**Instructions to follow**
Repeat every entry exactly. Do not include the pictures.
◆ ◆ ◆ ◆ ◆ ◆ ◆
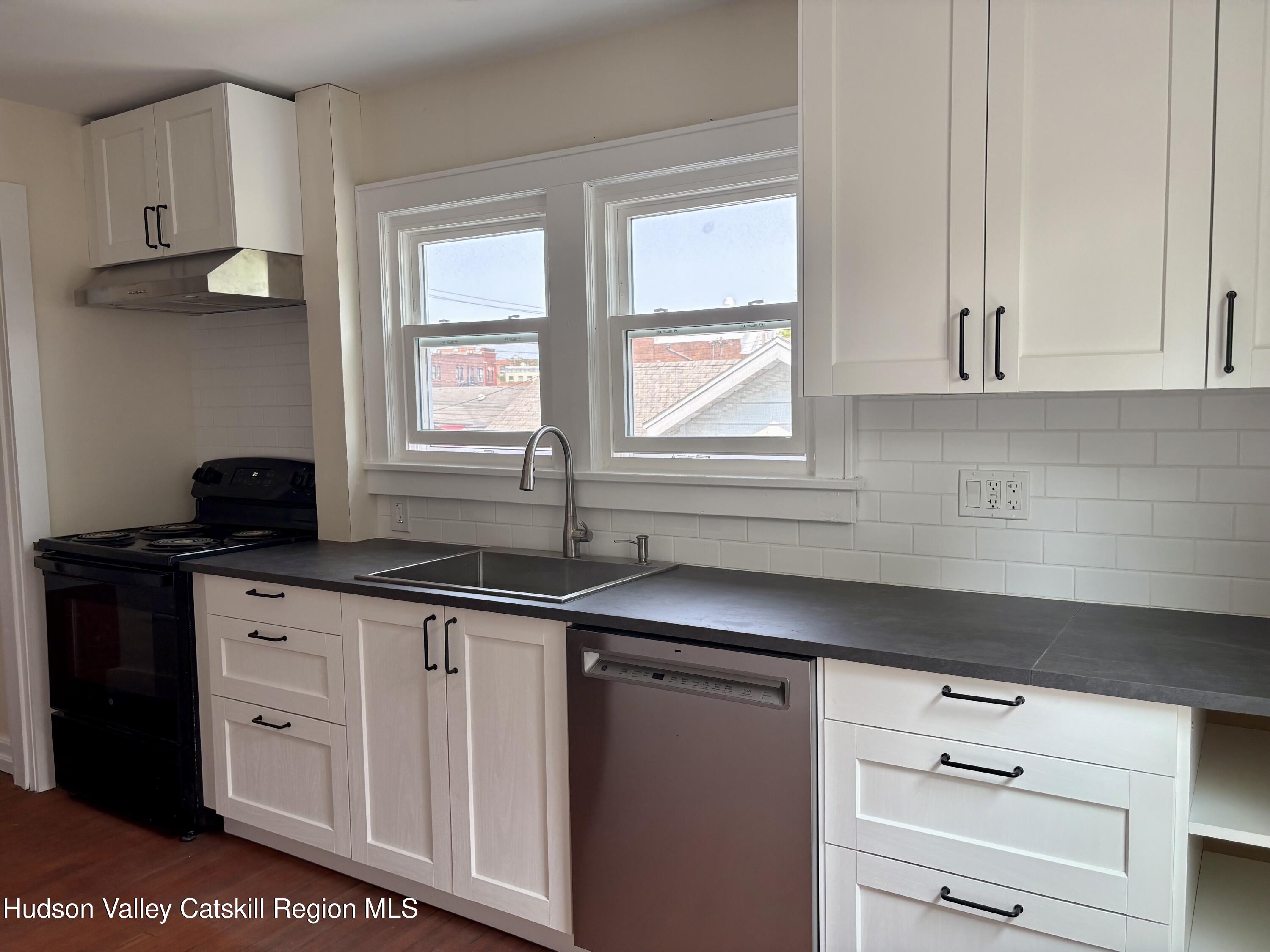 Kingston, New York 12401, United States, 1 Bedroom Bedrooms, ,1 BathroomBathrooms,Residential,Active,186632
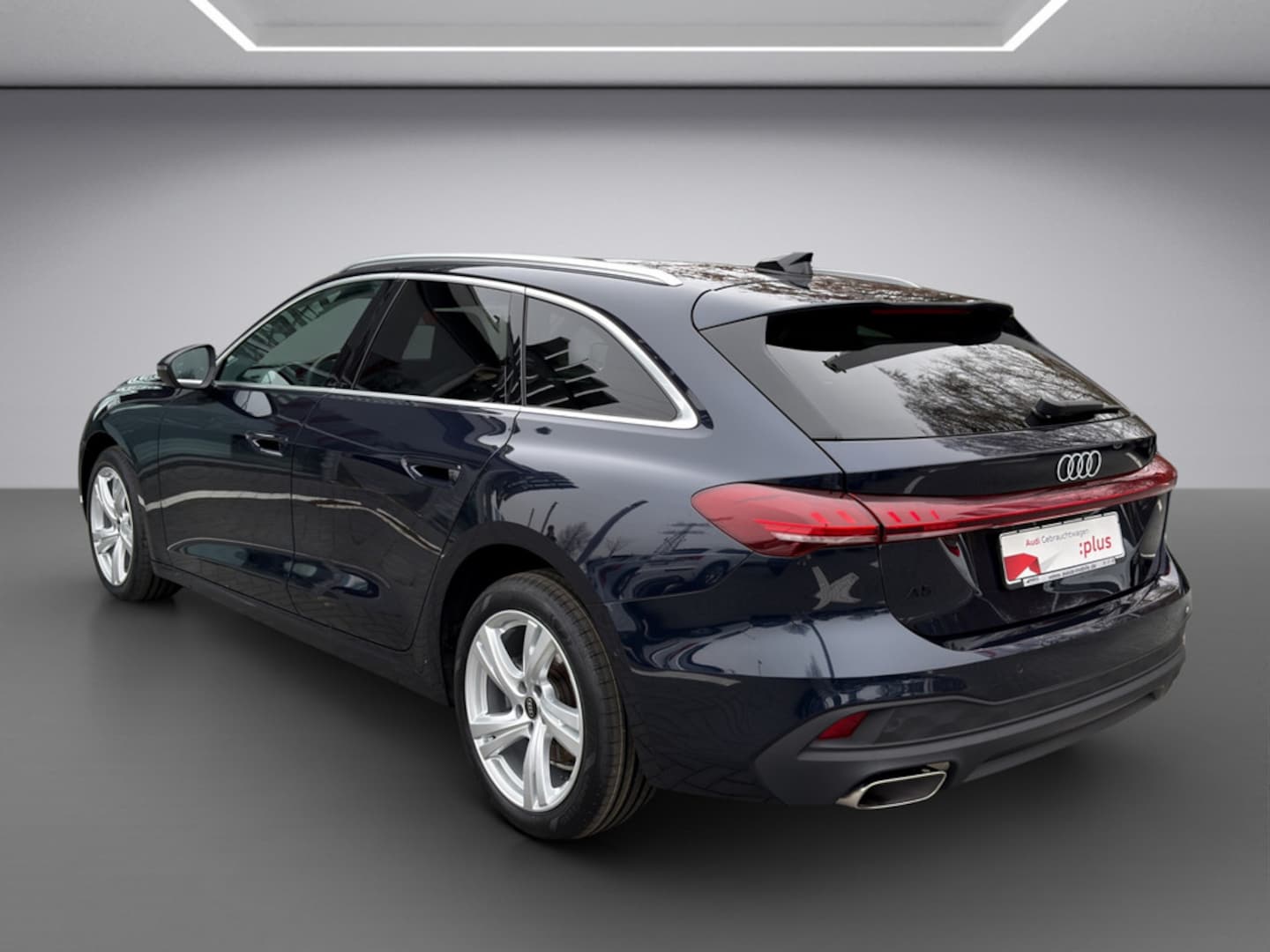 Bild über Audi A5 Avant TFSI 110 kW S tronic - für weitere Informationen kontaktieren Sie den Audi Partner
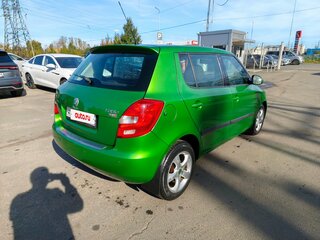 2010 Skoda Fabia II Рестайлинг, зелёный, 699000 рублей, вид 5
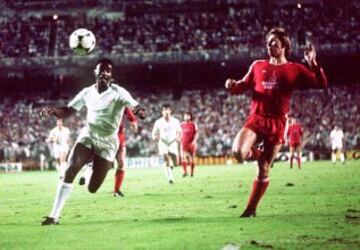 Laurie Cunningham estuvo en el Real Madrid entre 1979 y 1983. Despu¨¦s de eso milit¨® en el Sporting de Gij¨®n de 1983 a 1984, Olympique de Marsella en 1984 y 1985 y en el Rayo Vallecano en 1986-1987 y en una etapa posterior en 1988-1989. En el Charleroi belga jug¨® en 1987.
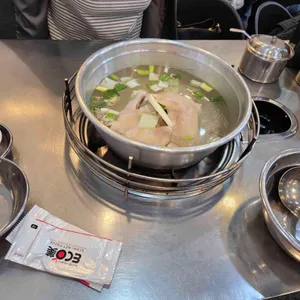 진옥화할매 원조 닭한마리 대표 사진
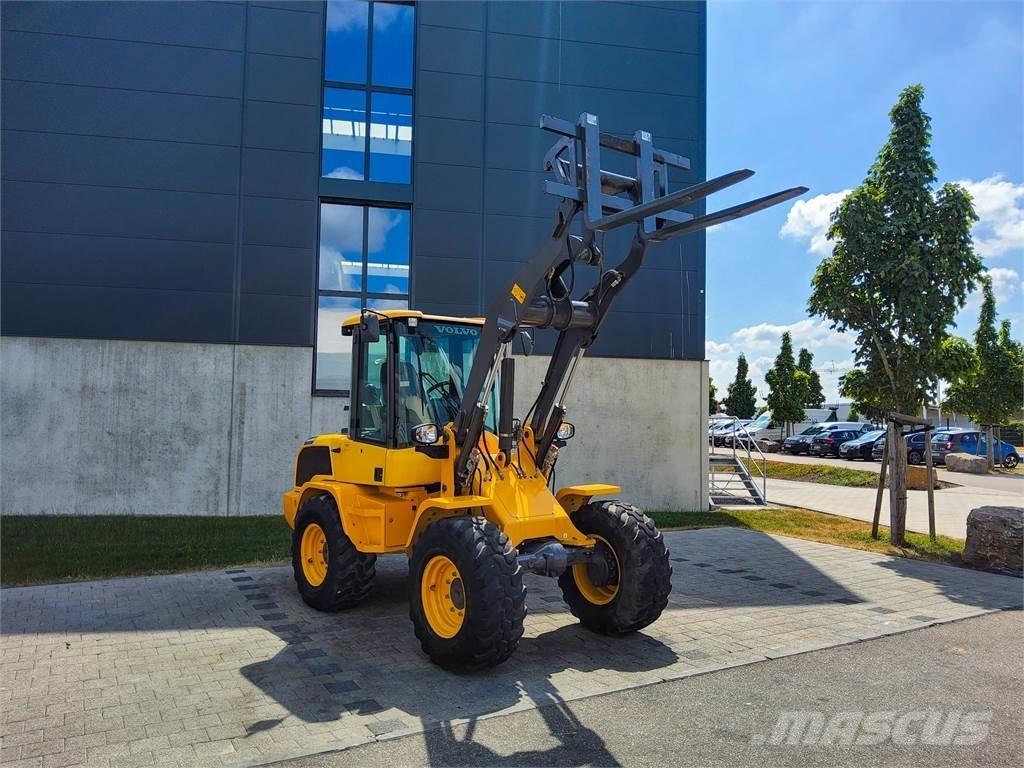 Volvo L 30G Mini excavators < 7t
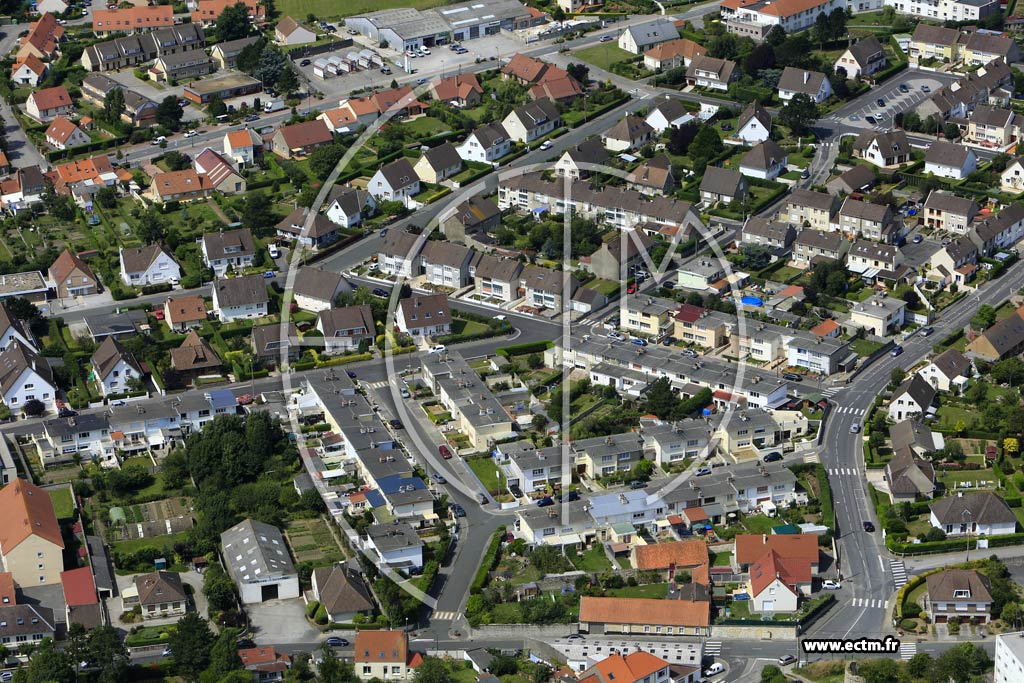 Photo arienne de Marquise (le Champs d'Asile)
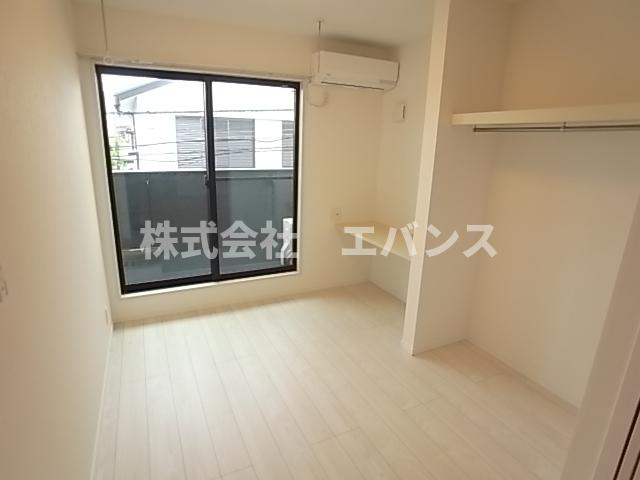 その他部屋・スペース　開放的な寝室です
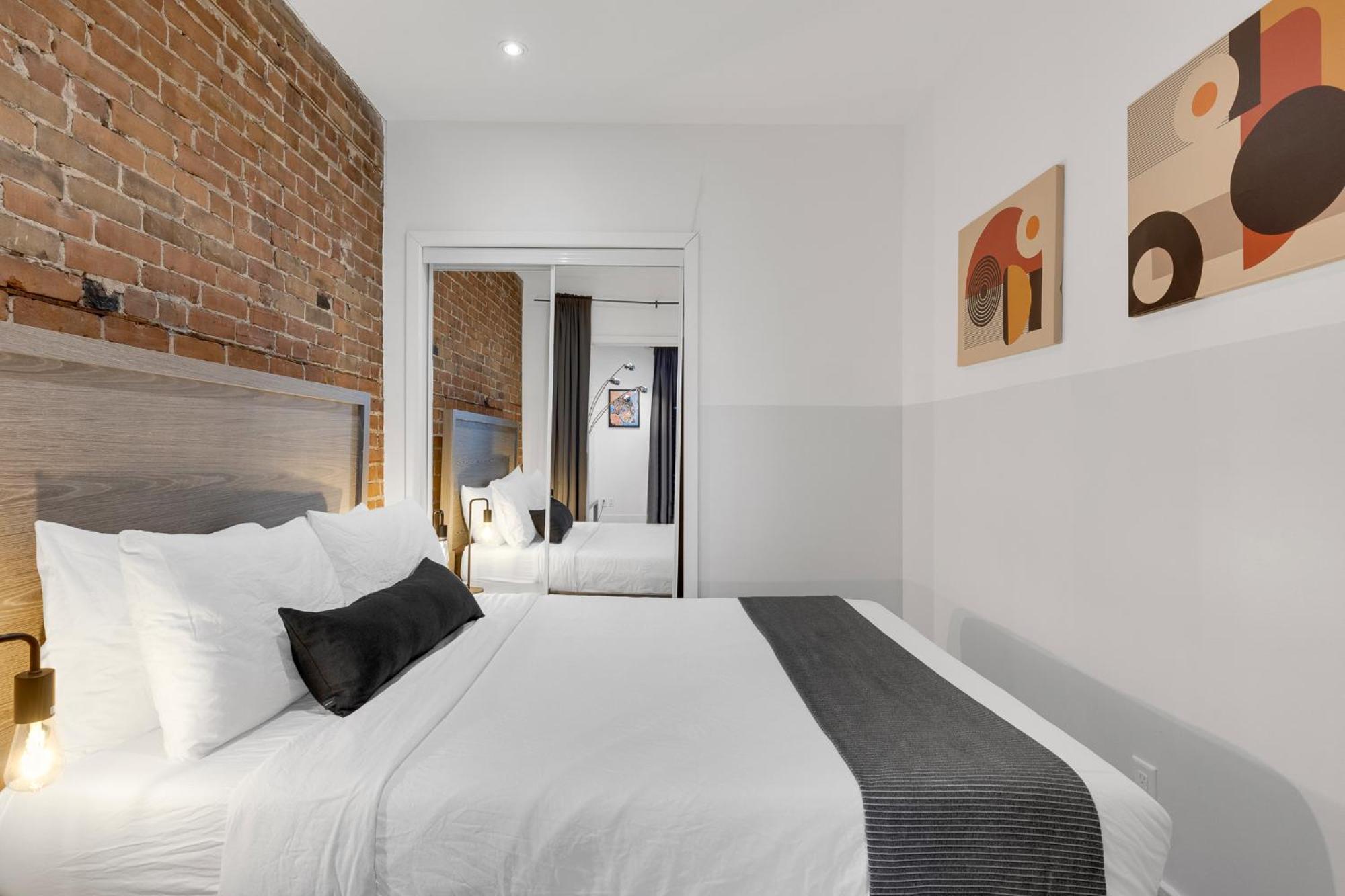 Liv Mtl Downtown Apart otel Montréal Dış mekan fotoğraf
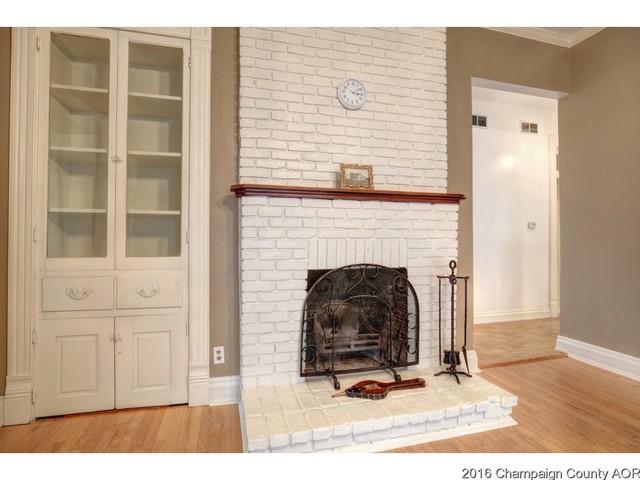 210 E Bond St, Monticello, IL 61856 photo 5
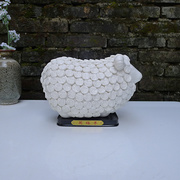 景德镇陶瓷工艺摆设万福羊白羊，摆件白公羊(白公羊)特色中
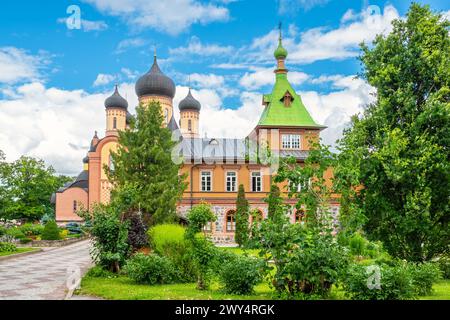 Refektorium und Himmelfahrt-Kathedrale im Puhtitsa Dormition Kloster. Kuremae, Estland Stockfoto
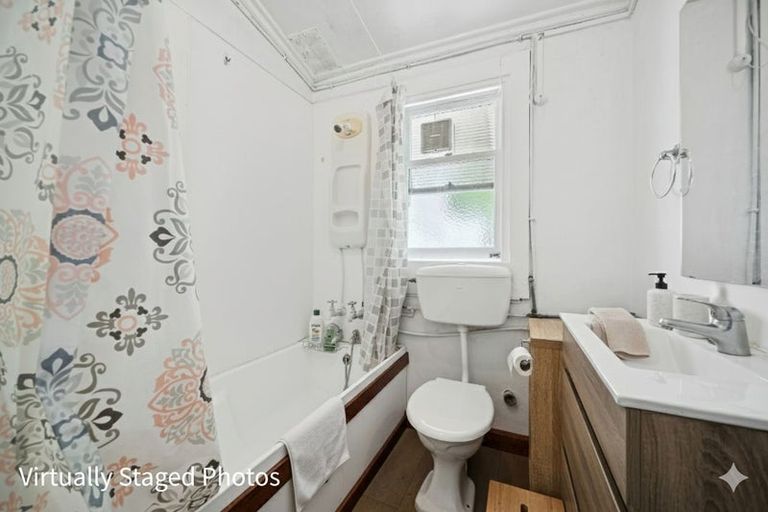 Photo of property in 532 Evans Bay Parade, Hataitai, Wellington, 6021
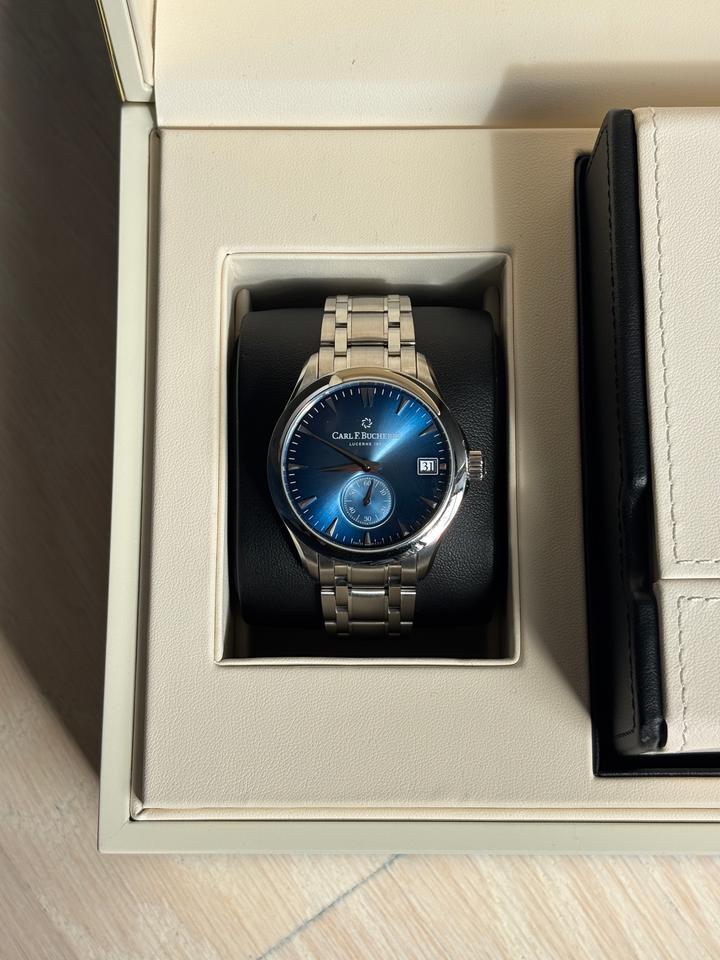 Carl F. Bucherer Manero 00.10917.08.53.98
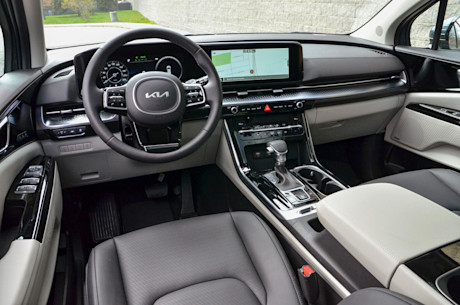 Kia Carnival SX 2022 : essai routier Body Image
◆ ◆ ◆ ◆ ◆ ◆ ◆
**Answer for this exercise**
 Kingston, New York 12401, United States, 1 Bedroom Bedrooms, ,1 BathroomBathrooms,Residential,Active,186632
 Bild über Audi A5 Avant TFSI 110 kW S tronic - für weitere Informationen kontaktieren Sie den Audi Partner
 2010 Skoda Fabia II Рестайлинг, зелёный, 699000 рублей, вид 5
 Laurie Cunningham estuvo en el Real Madrid entre 1979 y 1983. Despu¨¦s de eso milit¨® en el Sporting de Gij¨®n de 1983 a 1984, Olympique de Marsella en 1984 y 1985 y en el Rayo Vallecano en 1986-1987 y en una etapa posterior en 1988-1989. En el Charleroi belga jug¨® en 1987.
 진옥화할매 원조 닭한마리 대표 사진
 Volvo L 30G Mini excavators < 7t
 Photo arienne de Marquise (le Champs d'Asile)
 その他部屋・スペース　開放的な寝室です
 Liv Mtl Downtown Apart otel Montréal Dış mekan fotoğraf
 210 E Bond St, Monticello, IL 61856 photo 5
 景德镇陶瓷工艺摆设万福羊白羊，摆件白公羊(白公羊)特色中
 Refektorium und Himmelfahrt-Kathedrale im Puhtitsa Dormition Kloster. Kuremae, Estland Stockfoto
 Photo of property in 532 Evans Bay Parade, Hataitai, Wellington, 6021
 Carl F. Bucherer Manero 00.10917.08.53.98
 Kia Carnival SX 2022 : essai routier Body Image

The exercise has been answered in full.